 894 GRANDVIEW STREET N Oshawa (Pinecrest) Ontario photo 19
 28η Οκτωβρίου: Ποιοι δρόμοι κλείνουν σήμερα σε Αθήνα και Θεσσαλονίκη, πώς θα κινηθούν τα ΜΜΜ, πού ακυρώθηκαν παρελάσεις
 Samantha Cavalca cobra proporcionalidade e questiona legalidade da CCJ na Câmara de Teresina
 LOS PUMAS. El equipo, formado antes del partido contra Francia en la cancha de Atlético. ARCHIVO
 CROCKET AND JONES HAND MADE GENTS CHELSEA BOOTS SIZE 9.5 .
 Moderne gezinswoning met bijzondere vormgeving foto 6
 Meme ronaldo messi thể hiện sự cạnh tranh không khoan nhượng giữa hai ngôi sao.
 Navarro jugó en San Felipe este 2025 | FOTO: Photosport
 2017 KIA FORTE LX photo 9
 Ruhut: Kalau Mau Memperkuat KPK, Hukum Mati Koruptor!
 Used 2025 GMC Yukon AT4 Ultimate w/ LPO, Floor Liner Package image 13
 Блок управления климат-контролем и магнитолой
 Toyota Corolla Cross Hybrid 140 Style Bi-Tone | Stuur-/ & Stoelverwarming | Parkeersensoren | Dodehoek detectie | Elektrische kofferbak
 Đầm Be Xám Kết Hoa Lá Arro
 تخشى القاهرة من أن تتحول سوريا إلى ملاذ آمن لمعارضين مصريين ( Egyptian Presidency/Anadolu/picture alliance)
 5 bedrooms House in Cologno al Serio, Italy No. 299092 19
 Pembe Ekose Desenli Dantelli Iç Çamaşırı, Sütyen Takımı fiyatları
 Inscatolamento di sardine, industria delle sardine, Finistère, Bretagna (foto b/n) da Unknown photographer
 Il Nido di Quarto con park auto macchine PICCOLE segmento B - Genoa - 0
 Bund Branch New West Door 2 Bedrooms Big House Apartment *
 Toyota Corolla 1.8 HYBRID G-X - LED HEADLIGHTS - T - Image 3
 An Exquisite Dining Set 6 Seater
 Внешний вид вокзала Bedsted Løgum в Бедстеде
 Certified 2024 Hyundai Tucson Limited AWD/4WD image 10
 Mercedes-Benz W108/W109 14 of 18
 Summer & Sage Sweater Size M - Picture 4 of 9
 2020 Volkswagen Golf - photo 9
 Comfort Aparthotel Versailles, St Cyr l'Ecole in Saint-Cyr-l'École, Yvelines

*Instructions for the task*
What are the lines, exactly as written above, from the line with "28η Οκτωβρίου: Ποιοι" to the line with "Meme ronaldo messi", both included? Output only those.

*Result*
 28η Οκτωβρίου: Ποιοι δρόμοι κλείνουν σήμερα σε Αθήνα και Θεσσαλονίκη, πώς θα κινηθούν τα ΜΜΜ, πού ακυρώθηκαν παρελάσεις
 Samantha Cavalca cobra proporcionalidade e questiona legalidade da CCJ na Câmara de Teresina
 LOS PUMAS. El equipo, formado antes del partido contra Francia en la cancha de Atlético. ARCHIVO
 CROCKET AND JONES HAND MADE GENTS CHELSEA BOOTS SIZE 9.5 .
 Moderne gezinswoning met bijzondere vormgeving foto 6
 Meme ronaldo messi thể hiện sự cạnh tranh không khoan nhượng giữa hai ngôi sao.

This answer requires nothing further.